The record in this matter supports a finding that respondent practiced law while ineligible to do so. This misconduct amounts to a violation of the Rules of Professional Conduct as alleged in the formal charges.
Having found evidence of professional misconduct, we now turn to a determination of the appropriate sanction for respondent's actions. In determining a sanction, we are mindful that disciplinary proceedings are designed to maintain high standards of conduct, protect the public, preserve the integrity of the profession, and deter future misconduct. Louisiana State Bar Ass'n v. Reis, 513 So. 2d 1173 (La. 1987). The discipline to be imposed depends upon the facts of each case and the seriousness of the offenses involved considered in light of any aggravating and mitigating circumstances. Louisiana State Bar Ass'n v. Whittington, 459 So. 2d 520 (La. 1984).
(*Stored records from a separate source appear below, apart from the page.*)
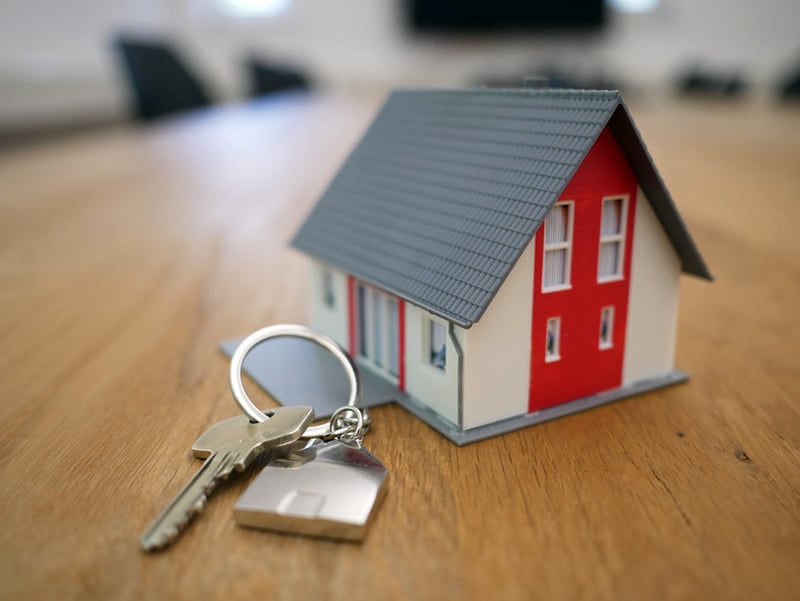 Setting income eligibility levels for local housing programs (house keychain)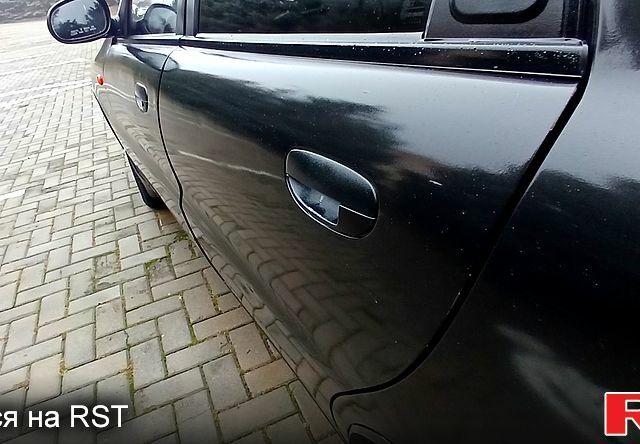 Черный Дэу Ланос, объемом двигателя 1.5 л и пробегом 170 тыс. км за 2500 $, фото 2 на Automoto.ua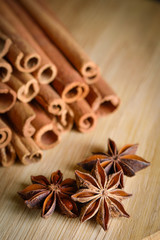  shelves of cinnamon and anise stars in dark backgrounds on a wooden background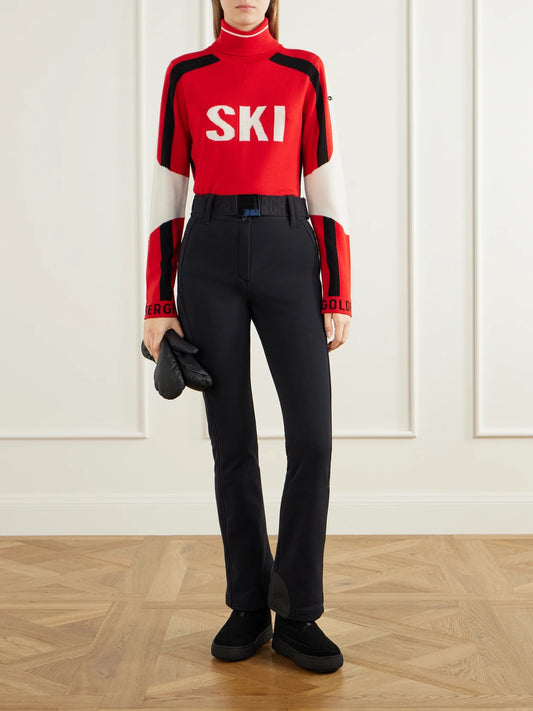Image of a model wearing Outerwear. Product name - Sport Merino Wool Sweater in Red colour by brand - Goldbergh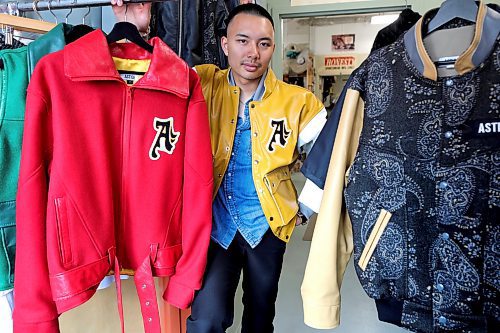RUTH BONNEVILLE / WINNIPEG FREE PRESS
BIZ - Astige
Portraits of Derick De Leon, founder of Astige wearing one of his favourite jackets that he designed at Honesty Sportwear Manufacturing at 822 Main St. (where the jackets are made).
Derick uses quality leather that he incorporates inside the pockets and also highlights the Filipino flag and the letter A, for Astige in his designs.
What: Astige is a Winnipeg-based clothing brand that highlights Filipino fashion. This is for a feature spotlighting two male fashion designers
See story by Gabby
June 1st 2023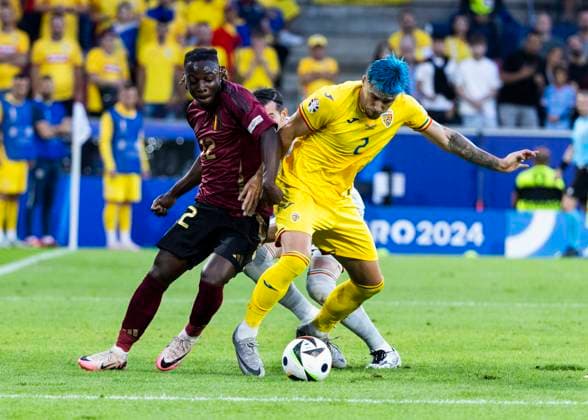 Koeln, RheinEnergieStadion, 22.06.2024: Jeremy Doku of belgium challenges Andrei Ratiu of romania during the match UEFA European Championship, EM, Europameisterschaft 2024 Belgium v. Romania.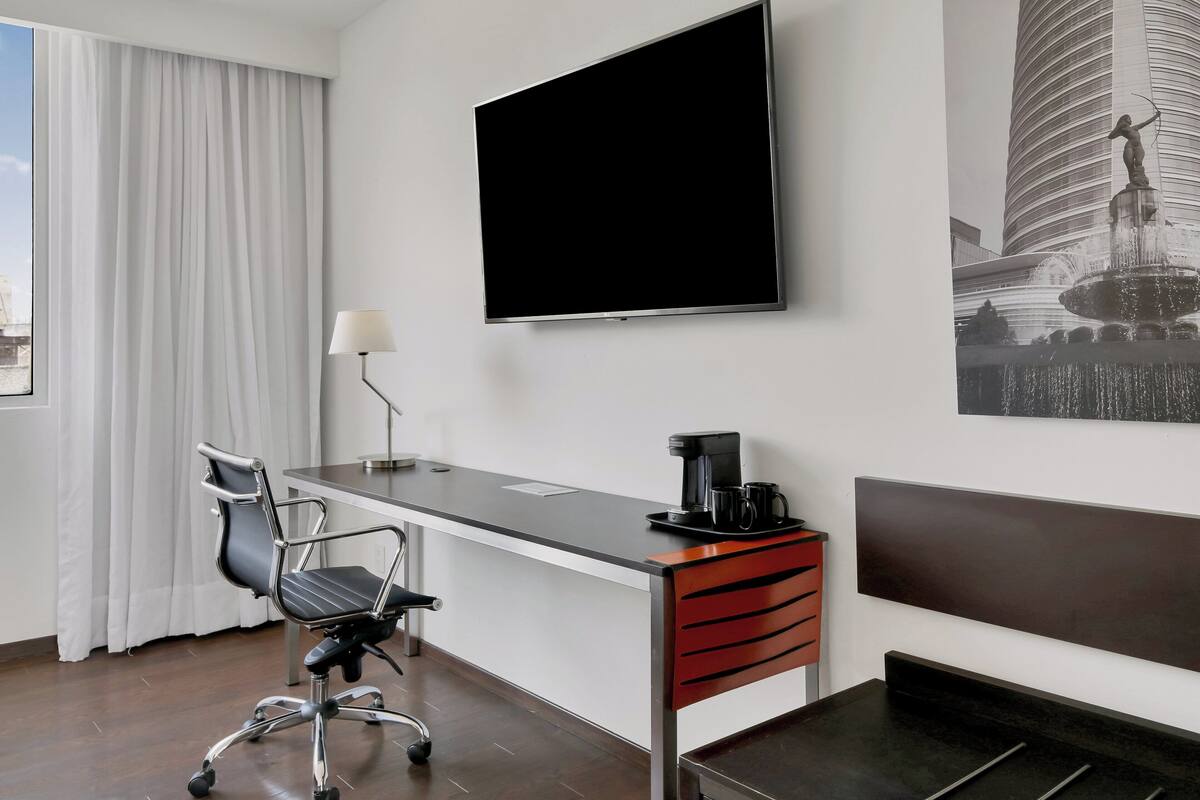 A hotel room with a desk, chair, flat-screen TV, coffee maker, and a bed.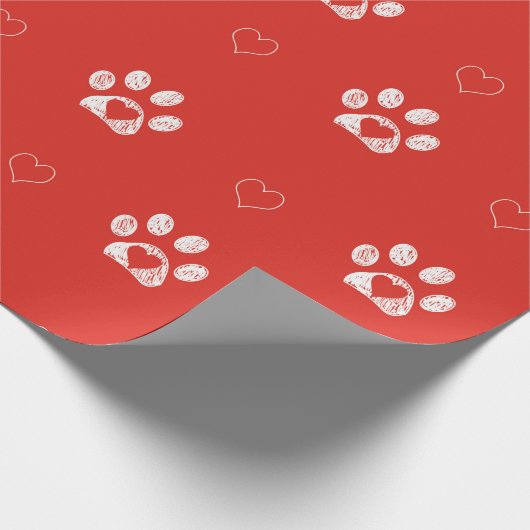 Weiße Pfoten mit rotem Hintergrund Geschenkpapier (Ecke)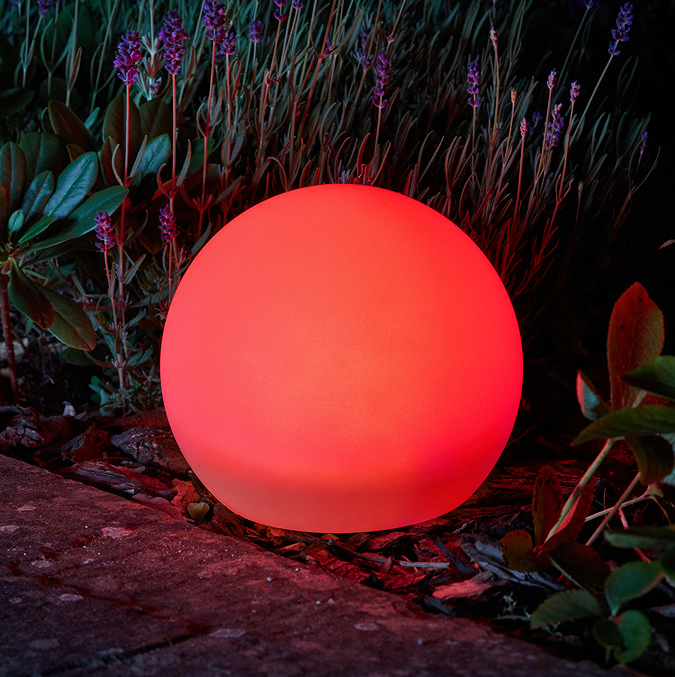 image of garden orb light glowing red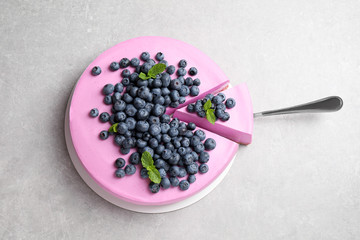 Cut tasty blueberry cake and shovel on light grey table, top view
Respondent knowingly violated duties owed to his client, the legal system, and the legal profession. While his conduct did not cause any actual harm, it had the potential to harm his client and the legal system. We agree with the hearing committee that the baseline sanction is suspension.
Aggravating factors include respondent's bad faith obstruction of the disciplinary proceeding by intentionally failing to comply with the rules or orders of the disciplinary agency, refusal to acknowledge the wrongful nature of the conduct, and substantial experience in the practice of law. The record indicates the presence of the following mitigating factors: the absence of a prior disciplinary record, the absence of a dishonest or selfish motive, and personal or emotional problems.
Turning to the issue of an appropriate sanction, we find guidance from the case of In re: Walsh, 18-1232 (La. 12/3/18), 257 So. 3d 654. In Walsh, an attorney practiced law during an extended period of ineligibility for failing to pay bar dues and the disciplinary assessment. Finding the attorney's misconduct to be grossly negligent, we imposed a six-month suspension from the practice of law, deferring all but thirty days, followed by one year of unsupervised probation. Unlike the attorney in Walsh, respondent's misconduct was knowing; thus, we find a harsher sanction is warranted.
Accordingly, we will adopt the committee's recommendation and suspend respondent from the practice of law for one year, with six months deferred, subject to the condition that any misconduct during this period may be grounds for making the deferred portion of the suspension executory, or imposing additional discipline, as appropriate.
DECREE
Upon review of the findings and recommendation of the hearing committee, and considering the record, it is ordered that Denis Collins Swords, Louisiana Bar Roll number 21905, be and he hereby is suspended from the practice of law for a period of one year, with six months deferred, subject to the condition that any misconduct during this period may be grounds for making the deferred portion of the suspension executory, or imposing additional discipline, as appropriate. All costs and expenses in the matter are assessed against respondent in accordance with Supreme Court Rule XIX, § 10.1, with legal interest to commence thirty days from the date of finality of this court's judgment until paid.
FOOTNOTES
1. As amended effective May 15, 2019, Supreme Court Rule XIX, § 11(G) provides that “[i]f the parties do not file objections to the hearing committee report, the board shall promptly submit the hearing committee's report to the court.”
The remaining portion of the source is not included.